On the third turn, ans[2] += 3, and the array is [1,2,3,0].
On the fourth turn, ans[3] += 1 (because there is only one candy left), and the final array is [1,2,3,1].
Example 2:
Input: candies = 10, num_people = 3
Output: [5,2,3]
Explanation:
On the first turn, ans[0] += 1, and the array is [1,0,0].
On the second turn, ans[1] += 2, and the array is [1,2,0].
On the third turn, ans[2] += 3, and the array is [1,2,3].

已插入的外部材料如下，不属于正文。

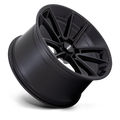 Rotiform auto part detail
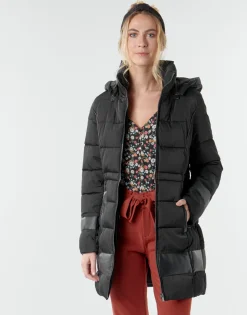 One Step - FR44181_02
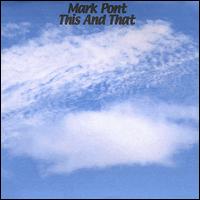 This and That von Mark Pont
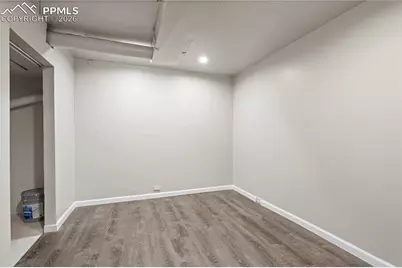 1936 Giltshire Drive, Colorado Springs, CO 80905 - Photo 25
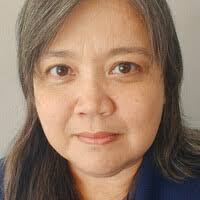 600+ "Steele" profiles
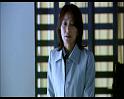 PDVD_1203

On the fourth turn, ans[0] += 4, and the final array is [5,2,3].
Constraints:
- 1 <= candies <= 10^9
- 1 <= num_people <= 1000
题意:排排坐,分糖果。
我们买了一些糖果 candies
,打算把它们分给排好队的 n = num_people
个小朋友。
给第一个小朋友 1 颗糖果,第二个小朋友 2 颗,依此类推,直到给最后一个小朋友 n
颗糖果。
然后,我们再回到队伍的起点,给第一个小朋友n + 1
颗糖果,第二个小朋友 n + 2
颗,依此类推,直到给最后一个小朋友2 * n
颗糖果。
重复上述过程(每次都比上一次多给出一颗糖果,当到达队伍终点后再次从队伍起点开始),直到我们分完所有的糖果。注意,就算我们手中的剩下糖果数不够(不比前一次发出的糖果多),这些糖果也会全部发给当前的小朋友。
返回一个长度为num_people
、元素之和为 candies
的数组,以表示糖果的最终分发情况(即 ans[i]
表示第i
个小朋友分到的糖果数)。
算法1
(数学) $O(n)$
题解:我们可以使用暴力的做法,但是我们可以使用数学公式来优化这一点。首先我们定义我们最多能够完整的给n
个小朋友发$k$轮,这里指的是每一轮每一个小朋友都获得了当前轮次理应获得的糖果。
那么这$k$轮中每一轮所有小朋友应该总共发了:$\frac{n(n+1)}{2},\frac{n(n+1)}{2}+n^2,…,\frac{n(n+1)}{2} + (k-1)n^2$
这是一个首项为$\frac{n(n+1)}{2}$,公差为$n^2$的等差数列,因此如果能够完整的发$k$轮,我们应当有:
$$
\frac{(\frac{n(n+1)}{2} + \frac{n(n+1)}{2} + (k - 1)n^2)k}{2} \leq candies$$
$$n^2k^2+nk-2candies \leq0$$
$$k = (int) \frac{-n + \sqrt{n^2 + 8n^2candies}}{2n^2}
$$
那么对于第$i$个小朋友在这$k$轮中每一轮发了$i + 1,i + 1 + n,…,i + 1+(k -1)n$个糖果,因此每个小朋友在前$k$轮中应该发了
$$
\frac{i + 1 + i + 1 + (k -1)n}{2}
$$
对于剩下的糖果我们只需要从前往后依次从$(k-1)n+1$开始递增分配即可。
时间复杂度$O(n)$
vector<int> distributeCandies(int candies, int n) {
int k = (sqrt(n * n + 8ll * candies * n * n) - n) / (2 * n * n);
vector<int> res(n,0);
if(k > 0)
{
for(int i = 0 ; i < n ; i ++)
{
int cur = ((i + 1) + (k - 1) * n + i + 1) * k / 2;
res[i] = cur;
candies -= cur;
}
}
int start = k * n + 1;
if(candies > 0)
{
for(int i = 0 ; candies > 0 ; i ++)
{
int cur = min(candies,start);
res[i] += cur;
candies -= cur;
start ++;
}
}
return res;
}